John Vanderslice teaches in the MFA program at the University of Central Arkansas. His stories, poems, essays, and plays have appeared in a variety of journals, including Seattle Review, Versal, Crazyhorse, Sou’wester, Exquisite Corpse, and 1966. His linked short story collection Island Fog will be published in October by Lavender Ink Press in New Orleans. You can follow his thoughts on the writing life and the teaching writing life on his blog Payperazzi. You can also follow him on Facebook and Twitter.
The books, journals, and magazines on my bedside table have become a veritable mountain over the years, the ones that linger being the ones I started and then had to forego when more pressing reading presented itself. Complicating matters is that because I’m a very early riser it only takes a couple minutes of nighttime reading before I’m zonked. So if I only read a book in bed I move through it very slowly indeed. This is to say that if I get serious about a book I have to move it from the bedside and take it to some other part of the house so that I can continue with it, digest it, and finally finish it. The books I get serious about are the ones that on waking I remove from the bedroom and carry out with me to the kitchen, where I’ll make my morning coffee and start the day.
Some of the books that in recent weeks won the right to leave the bedroom when I wake:
The Bill from My Father by Bernard Cooper. Cooper will be coming to my university in a few weeks as a visiting writer, so this summer I’ve been boning up on what I’ve missed from him. The Bill from My Father is his most recent volume of nonfiction.
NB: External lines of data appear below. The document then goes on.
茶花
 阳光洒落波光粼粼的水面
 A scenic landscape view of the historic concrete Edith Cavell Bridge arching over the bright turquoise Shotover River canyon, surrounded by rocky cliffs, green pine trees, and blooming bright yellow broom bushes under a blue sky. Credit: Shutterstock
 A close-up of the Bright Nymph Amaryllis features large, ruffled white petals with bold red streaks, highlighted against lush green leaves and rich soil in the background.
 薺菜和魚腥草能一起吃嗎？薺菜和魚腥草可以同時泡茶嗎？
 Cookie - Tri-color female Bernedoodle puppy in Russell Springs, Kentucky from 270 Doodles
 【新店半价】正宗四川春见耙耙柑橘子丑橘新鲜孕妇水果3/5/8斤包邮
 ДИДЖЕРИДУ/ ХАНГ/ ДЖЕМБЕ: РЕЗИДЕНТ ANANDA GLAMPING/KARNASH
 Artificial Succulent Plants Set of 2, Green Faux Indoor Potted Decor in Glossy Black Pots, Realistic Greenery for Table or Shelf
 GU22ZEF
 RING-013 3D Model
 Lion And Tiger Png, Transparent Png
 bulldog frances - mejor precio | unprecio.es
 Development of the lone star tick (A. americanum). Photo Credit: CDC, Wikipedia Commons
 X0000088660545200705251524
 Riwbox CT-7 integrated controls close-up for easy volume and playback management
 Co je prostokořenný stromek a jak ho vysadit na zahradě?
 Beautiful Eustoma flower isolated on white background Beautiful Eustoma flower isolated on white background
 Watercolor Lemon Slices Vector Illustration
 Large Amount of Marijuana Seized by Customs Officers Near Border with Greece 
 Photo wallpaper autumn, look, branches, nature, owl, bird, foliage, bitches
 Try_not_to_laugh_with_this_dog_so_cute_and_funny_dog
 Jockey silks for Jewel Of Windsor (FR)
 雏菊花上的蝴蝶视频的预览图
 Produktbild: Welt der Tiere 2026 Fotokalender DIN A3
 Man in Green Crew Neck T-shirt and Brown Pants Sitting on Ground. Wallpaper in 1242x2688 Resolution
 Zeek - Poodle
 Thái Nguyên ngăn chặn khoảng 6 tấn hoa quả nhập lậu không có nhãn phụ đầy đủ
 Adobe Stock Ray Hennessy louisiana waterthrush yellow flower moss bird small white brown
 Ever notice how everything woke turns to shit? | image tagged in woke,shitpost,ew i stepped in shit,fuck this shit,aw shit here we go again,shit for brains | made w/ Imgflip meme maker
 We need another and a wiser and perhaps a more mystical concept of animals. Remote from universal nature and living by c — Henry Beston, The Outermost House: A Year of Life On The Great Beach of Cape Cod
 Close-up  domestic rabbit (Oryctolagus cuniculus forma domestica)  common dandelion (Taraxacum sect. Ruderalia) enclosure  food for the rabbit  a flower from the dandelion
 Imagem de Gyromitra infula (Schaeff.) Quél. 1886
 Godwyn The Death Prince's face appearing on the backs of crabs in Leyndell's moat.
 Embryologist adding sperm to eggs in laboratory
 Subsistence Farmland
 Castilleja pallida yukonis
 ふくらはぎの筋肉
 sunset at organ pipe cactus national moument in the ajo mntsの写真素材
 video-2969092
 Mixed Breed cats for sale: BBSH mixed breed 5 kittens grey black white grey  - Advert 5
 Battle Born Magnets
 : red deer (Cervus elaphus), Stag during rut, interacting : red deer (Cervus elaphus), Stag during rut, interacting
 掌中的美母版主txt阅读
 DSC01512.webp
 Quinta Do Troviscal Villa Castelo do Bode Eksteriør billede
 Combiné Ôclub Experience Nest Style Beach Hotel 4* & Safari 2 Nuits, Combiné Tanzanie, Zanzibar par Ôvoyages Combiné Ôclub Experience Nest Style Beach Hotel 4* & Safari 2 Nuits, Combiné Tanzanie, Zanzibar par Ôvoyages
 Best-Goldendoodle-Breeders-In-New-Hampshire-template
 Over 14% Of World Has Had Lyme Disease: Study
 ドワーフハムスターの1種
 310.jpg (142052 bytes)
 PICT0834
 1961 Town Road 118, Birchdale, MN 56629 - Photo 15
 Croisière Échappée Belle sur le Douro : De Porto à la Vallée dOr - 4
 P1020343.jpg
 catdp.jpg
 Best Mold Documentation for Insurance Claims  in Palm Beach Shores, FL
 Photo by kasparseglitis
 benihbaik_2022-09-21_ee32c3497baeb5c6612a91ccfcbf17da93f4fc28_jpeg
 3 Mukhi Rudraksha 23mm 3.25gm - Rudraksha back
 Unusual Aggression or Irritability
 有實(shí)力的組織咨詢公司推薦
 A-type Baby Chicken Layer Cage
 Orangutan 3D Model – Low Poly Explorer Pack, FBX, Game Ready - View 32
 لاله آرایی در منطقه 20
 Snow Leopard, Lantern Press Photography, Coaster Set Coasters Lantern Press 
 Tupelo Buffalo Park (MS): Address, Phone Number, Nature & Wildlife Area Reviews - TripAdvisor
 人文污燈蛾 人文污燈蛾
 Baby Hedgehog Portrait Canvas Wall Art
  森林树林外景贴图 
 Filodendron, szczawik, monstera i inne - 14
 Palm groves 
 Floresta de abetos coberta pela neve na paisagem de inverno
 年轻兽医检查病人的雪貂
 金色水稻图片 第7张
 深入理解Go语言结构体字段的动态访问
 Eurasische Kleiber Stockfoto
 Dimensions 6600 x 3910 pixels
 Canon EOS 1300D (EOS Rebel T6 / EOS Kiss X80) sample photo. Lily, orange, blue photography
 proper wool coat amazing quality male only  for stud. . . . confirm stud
It’s an honest and sometimes heartbreaking picture of his father’s life, especially that life after the man turned eighty and was afflicted with a creeping dementia. Despite his affliction, the defiant, restless, impulsive, and contradictory nature of Edward Cooper shines through loud and clear. As someone who both loved and endured a “charismatic” father myself—at turns charming and angry, cynical and naïve, brilliant and dangerous, a model and a scourge—I completely “got” this memoir. Given how many men have issues with their fathers, the potential audience for this book—generously conceived and beautifully written—should be numberless.
Truth Serum, also by Bernard Cooper. This is an earlier memoir, published in 1997. Whereas The Bill from My Father is more or less a traditional memoir with a consistent narrative, this book is comprised of distinct, separate units. We’ve all heard of the novel-in-stories. Truth Serum is a memoir-in-essays. At the same time, there is a clear arc to the book. It starts with Cooper as a worried junior high student, knowing that something is different about him but not even sure what to call it, and ends with him as an openly gay man living in Los Angeles with a partner he deeply loves and depends on but who is suffering through a positive AIDS diagnosis. Truth Serum is valuable as an honest and well-crafted coming-of-age tale; but at the same time, with Cooper’s carefully rendered details and his evocative pictures of place, it acts as a kind of photograph album of America across the second half of the twentieth century.
The Toss of a Lemon by Padma Viswanathan. If you like historical fiction, especially historical fiction that teaches you about a culture and a place you’ve never been to, this is the book for you. It’s set in India, in a variety of small villages and larger cities, and spans a wide swath of the twentieth century. It focuses on one extended Brahmin family and shows in faithful detail many different Brahmin traditions and daily rituals; and yet at the same time it also presents the social and political forces inside India that make it inevitable those traditions and rituals will be challenged. What I admire most about the book is that at all times Viswanathan focuses on her story and her characters. She does not engage in long political exposition—and certainly she tries not to take sides—but in following this family through so many decades of its ups and downs, the reader sees a new nation being started before his eyes.
A book that is literally next to my bed but has been repeatedly (and unjustifiably) forced aside:
Liquid Memory: Why Wine Matters by Jonathan Nossiter. My wife and I enjoy wine, probably too much, given our college teacher salaries.
New, or recent, or semi-recent releases that I’d like to get my hands on (as soon as I have the time!):
Stories II by T.C. Boyle. A brilliant, mercurial storyteller who constantly amazes. Lucky Us by Amy Bloom. I’ve enjoyed everything I’ve read by her. Such smart, humane narratives with fascinating people inside them. Transatlanic by Colum McCann. Another writer who amazes. I value versatility above all other traits and McCann is the picture of that.
A great bedside book that I just haven’t gotten around to buying or borrowing:
A Few Seconds of Panic by Stefan Fatsis. I heard Fatsis interviewed when this book came out and later I spent some entertaining minutes browsing through it at a bookstore. I’m not an NFL fan but I am a sports fan, so this account of Fatsis, a diminutive journalist, trying out for an NFL team intrigues me.
How do you decide which books stay bedside?